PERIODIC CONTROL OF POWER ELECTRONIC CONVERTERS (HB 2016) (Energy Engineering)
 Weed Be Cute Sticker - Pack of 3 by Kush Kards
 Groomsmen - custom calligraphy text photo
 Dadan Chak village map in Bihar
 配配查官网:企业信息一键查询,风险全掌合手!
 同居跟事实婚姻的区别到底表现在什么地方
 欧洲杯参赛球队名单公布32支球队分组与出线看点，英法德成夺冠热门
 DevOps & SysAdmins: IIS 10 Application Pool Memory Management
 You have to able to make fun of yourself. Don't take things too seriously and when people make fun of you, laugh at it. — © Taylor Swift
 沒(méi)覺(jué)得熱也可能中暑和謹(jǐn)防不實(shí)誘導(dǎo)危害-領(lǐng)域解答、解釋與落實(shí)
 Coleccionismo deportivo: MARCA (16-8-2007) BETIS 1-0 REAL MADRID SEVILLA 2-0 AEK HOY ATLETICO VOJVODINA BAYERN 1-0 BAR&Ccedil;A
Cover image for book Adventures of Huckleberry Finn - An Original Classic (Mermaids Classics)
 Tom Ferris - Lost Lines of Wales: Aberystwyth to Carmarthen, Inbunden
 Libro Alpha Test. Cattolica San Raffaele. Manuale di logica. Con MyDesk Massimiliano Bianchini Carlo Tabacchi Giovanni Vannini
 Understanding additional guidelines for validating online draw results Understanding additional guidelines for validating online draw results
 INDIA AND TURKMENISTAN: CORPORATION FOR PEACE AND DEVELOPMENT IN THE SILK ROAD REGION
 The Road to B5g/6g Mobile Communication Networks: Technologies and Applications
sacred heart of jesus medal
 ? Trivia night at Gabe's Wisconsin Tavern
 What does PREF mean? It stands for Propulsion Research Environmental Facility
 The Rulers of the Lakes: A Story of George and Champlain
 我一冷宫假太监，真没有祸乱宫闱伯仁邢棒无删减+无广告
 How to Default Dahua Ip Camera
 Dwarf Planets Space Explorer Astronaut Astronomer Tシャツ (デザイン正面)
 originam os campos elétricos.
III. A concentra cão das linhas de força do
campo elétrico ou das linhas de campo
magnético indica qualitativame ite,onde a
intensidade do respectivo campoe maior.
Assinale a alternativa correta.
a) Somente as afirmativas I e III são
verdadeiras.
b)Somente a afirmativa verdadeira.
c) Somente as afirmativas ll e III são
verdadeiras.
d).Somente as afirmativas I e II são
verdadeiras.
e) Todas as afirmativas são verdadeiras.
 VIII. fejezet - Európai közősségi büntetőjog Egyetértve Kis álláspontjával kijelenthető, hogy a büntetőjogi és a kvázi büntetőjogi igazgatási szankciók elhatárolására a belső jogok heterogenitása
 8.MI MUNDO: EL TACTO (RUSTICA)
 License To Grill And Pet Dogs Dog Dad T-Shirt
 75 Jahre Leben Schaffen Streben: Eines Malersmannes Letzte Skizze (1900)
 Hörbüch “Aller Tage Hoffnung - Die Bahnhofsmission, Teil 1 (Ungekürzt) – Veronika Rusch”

**Exercise directions:**
Say how many lines of the listing above contain "Somente", giving nothing but the number.

**Solution to this task:**
4